- **Problem to work on**
Please retype only the lines below that run from the one containing "German Leather Vintage" through the last line, both included, without altering a word.

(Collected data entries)
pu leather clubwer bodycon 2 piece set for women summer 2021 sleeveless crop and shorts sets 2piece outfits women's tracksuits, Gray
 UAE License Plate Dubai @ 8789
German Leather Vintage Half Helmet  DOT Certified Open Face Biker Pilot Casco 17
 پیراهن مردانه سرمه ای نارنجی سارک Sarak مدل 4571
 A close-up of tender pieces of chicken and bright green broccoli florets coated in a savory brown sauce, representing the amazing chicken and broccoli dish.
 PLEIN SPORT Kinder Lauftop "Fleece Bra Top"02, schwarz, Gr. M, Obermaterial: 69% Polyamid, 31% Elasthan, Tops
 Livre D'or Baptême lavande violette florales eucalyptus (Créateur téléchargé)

- **Result of the exercise**
German Leather Vintage Half Helmet  DOT Certified Open Face Biker Pilot Casco 17
 پیراهن مردانه سرمه ای نارنجی سارک Sarak مدل 4571
 A close-up of tender pieces of chicken and bright green broccoli florets coated in a savory brown sauce, representing the amazing chicken and broccoli dish.
 PLEIN SPORT Kinder Lauftop "Fleece Bra Top"02, schwarz, Gr. M, Obermaterial: 69% Polyamid, 31% Elasthan, Tops
 Livre D'or Baptême lavande violette florales eucalyptus (Créateur téléchargé)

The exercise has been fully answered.